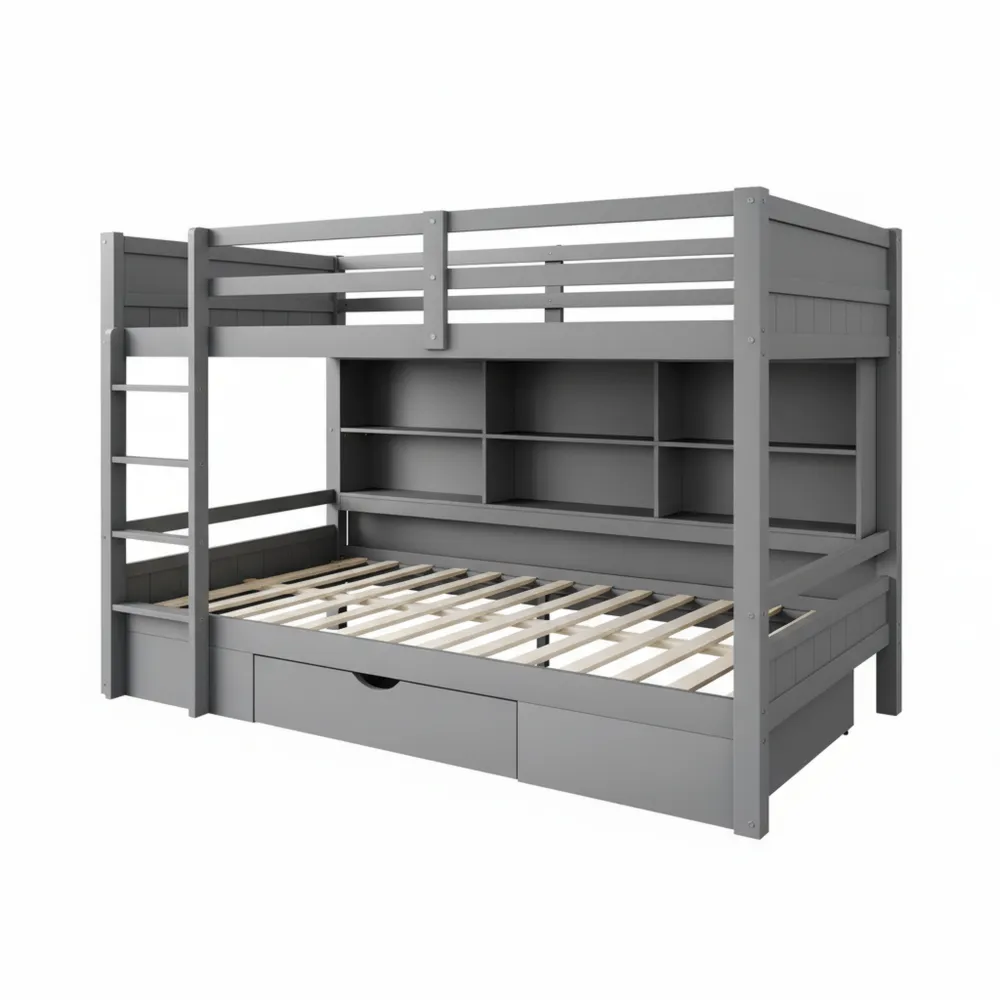 Holz-Etagenbett 90x200cm mit Lattenrost und Stauraum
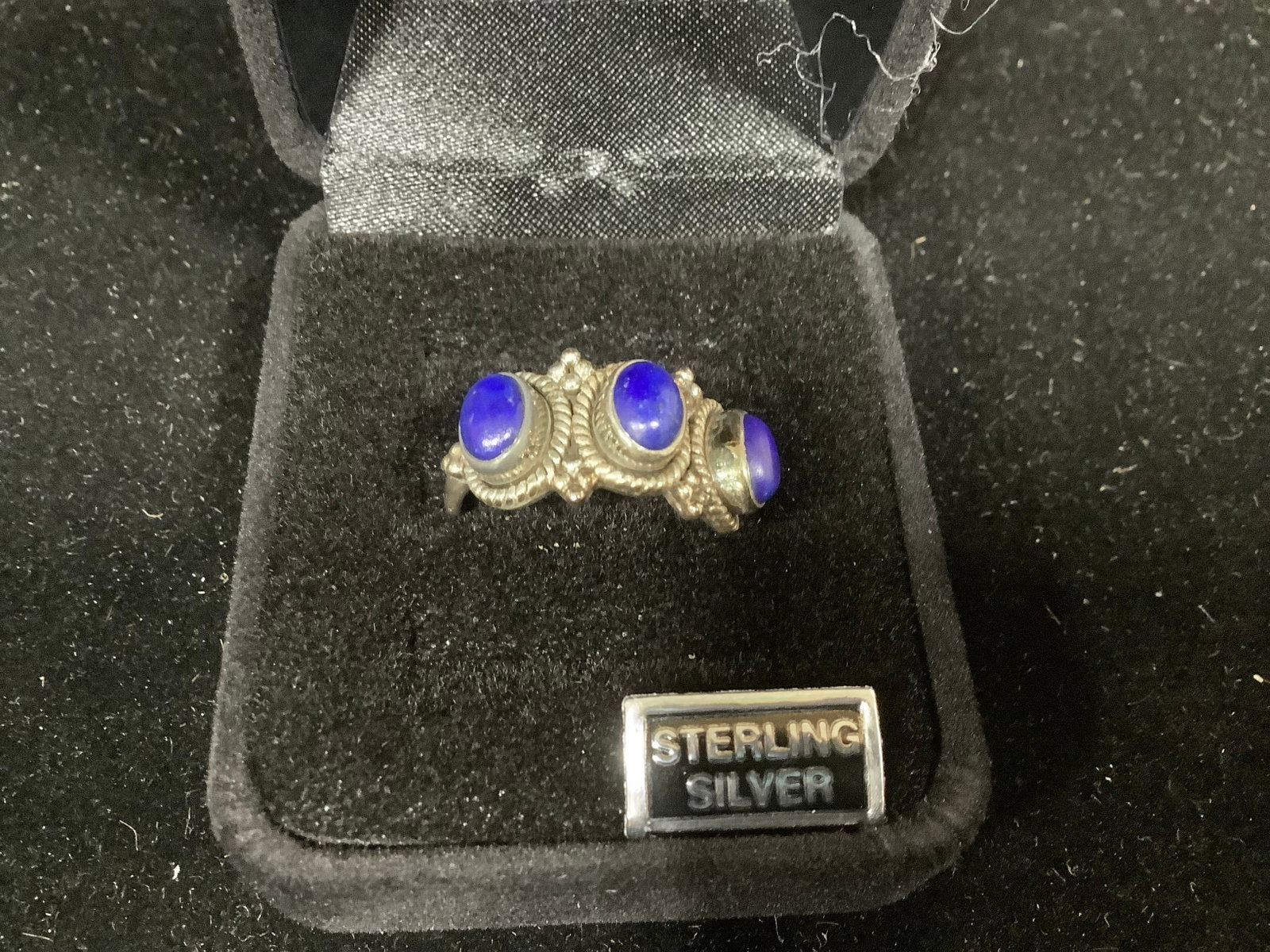 Artisan Crafted Sterling Triple Gemstone Ring (1 of 1)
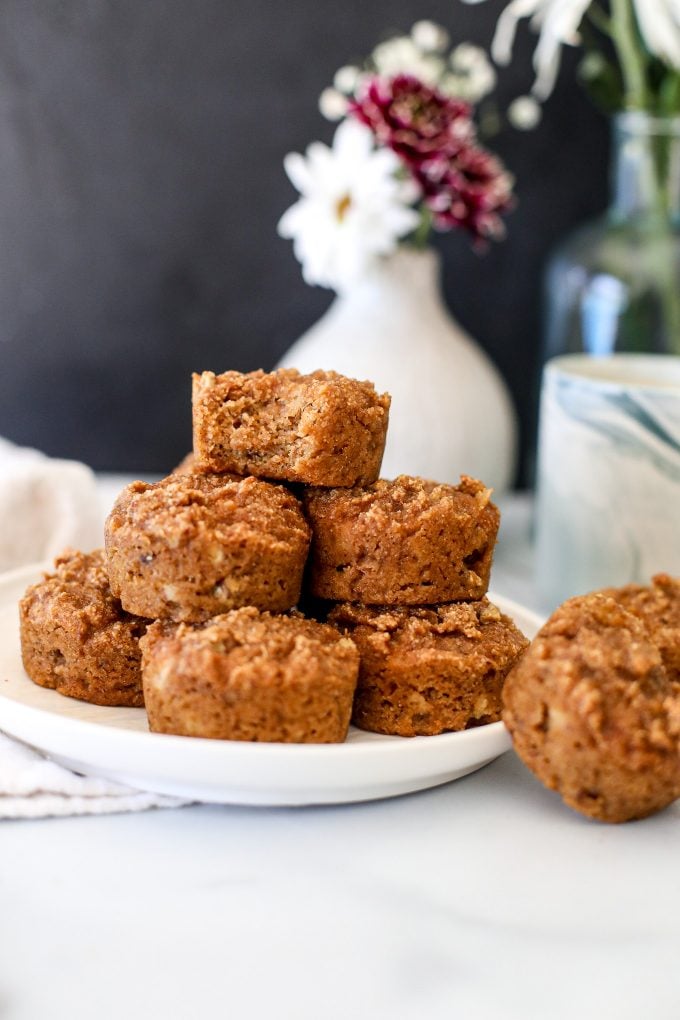 These Healthy Hummingbird Muffins are gluten free, dairy free and packed with applesauce, banana, pineapple, pecans and spices!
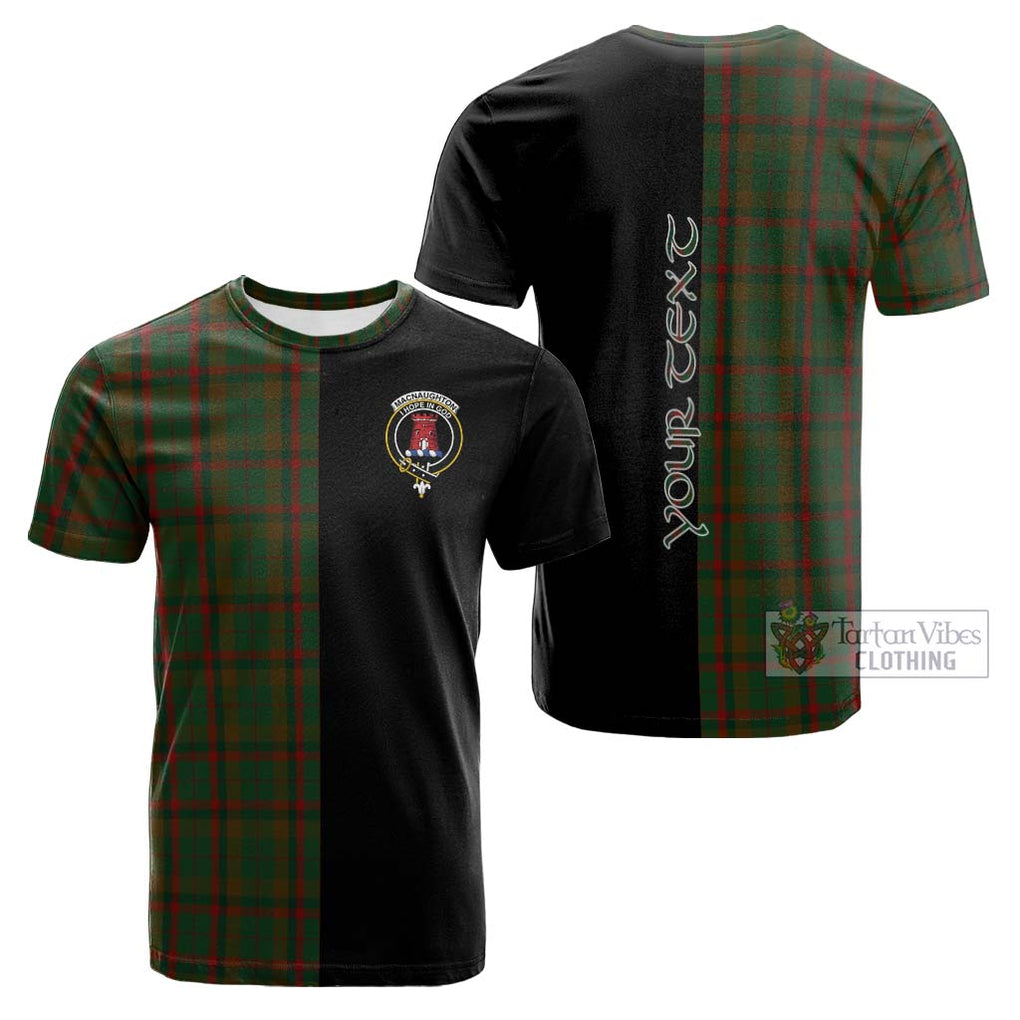 Tartan Vibes Clothing MacNaughton Hunting Tartan Cotton T-shirt with Family Crest and Half Of Me Style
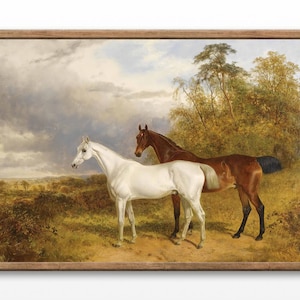 Two Horses Vintage Landscape Art Print: Farmhouse Wall Decor (Digital Download)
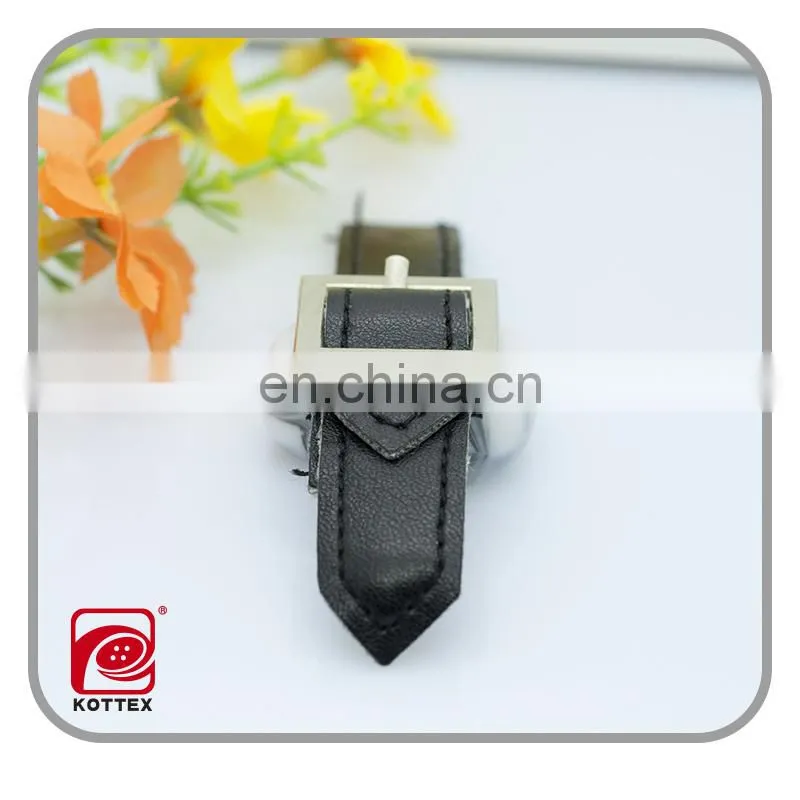 Leather Toggle belt button with metal buckle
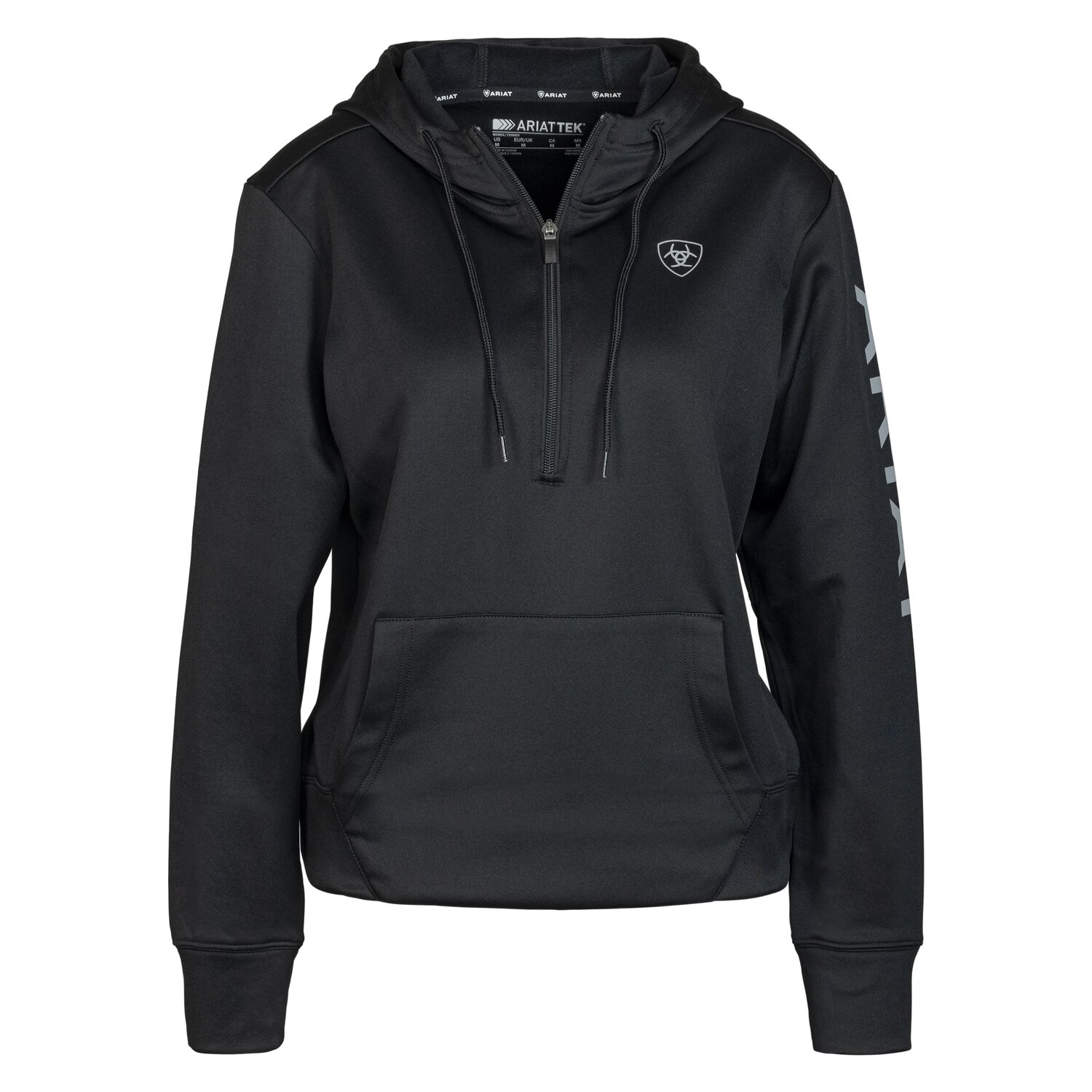 ARIAT Hoodie Tek 1/2 Zip - black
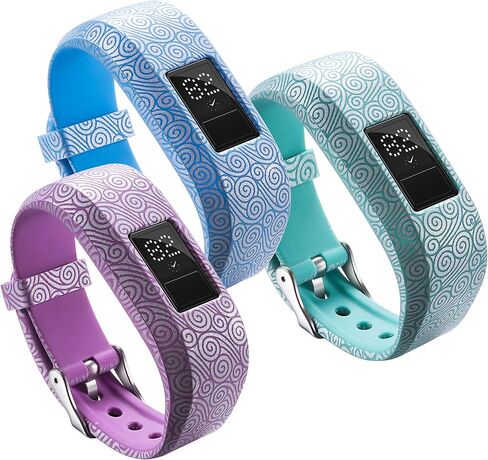 Compatible With Garmin Vivofit JR/JR 2/Vivofit 3 Bands Repacement,For Kids Boys Girls,Soft Silicone Pattern Adjustable Straps,Wristbands,Watch Band,With Secure Metal Clasp,Lagre&Small (Large, A) in Saudi Arabia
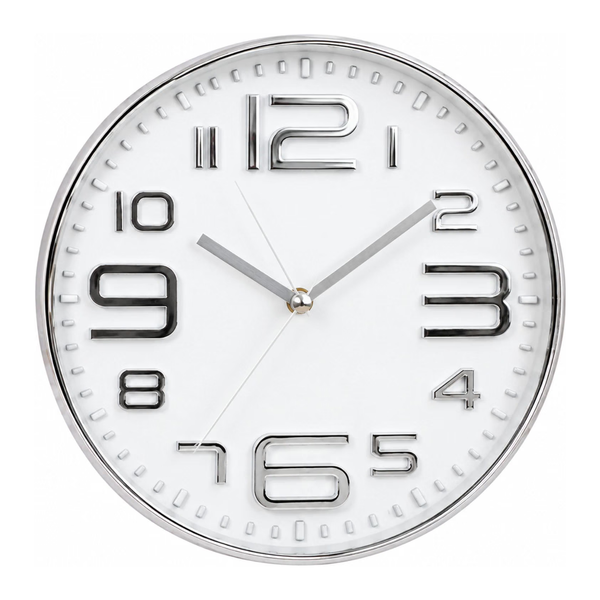 A round wall clock with a silver frame and white face, featuring large black Arabic numerals and silver hands on a white background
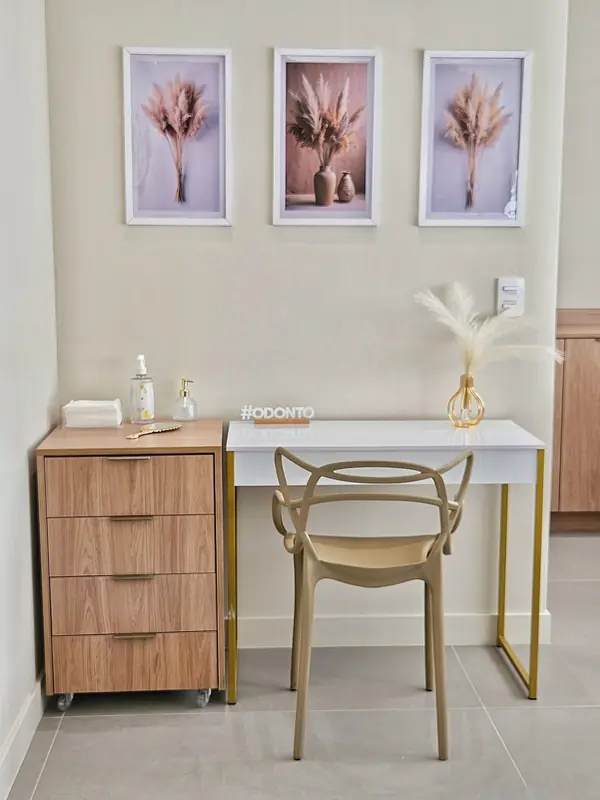 Detalhes de decoração do consultório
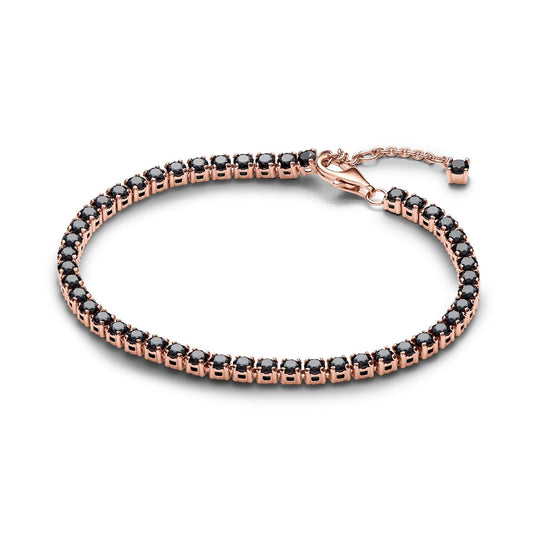 Bracciale rosé Tennis con Pietre Nere 581469C02-1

........

TASK:
Please copy exactly, and only, the lines from the one that contains "Compatible With Garmin" through the last line of the data above, omitting all pictures.

PROBLEM SOLUTION:
 Compatible With Garmin Vivofit JR/JR 2/Vivofit 3 Bands Repacement,For Kids Boys Girls,Soft Silicone Pattern Adjustable Straps,Wristbands,Watch Band,With Secure Metal Clasp,Lagre&Small (Large, A) in Saudi Arabia
 A round wall clock with a silver frame and white face, featuring large black Arabic numerals and silver hands on a white background
 Detalhes de decoração do consultório
 Bracciale rosé Tennis con Pietre Nere 581469C02-1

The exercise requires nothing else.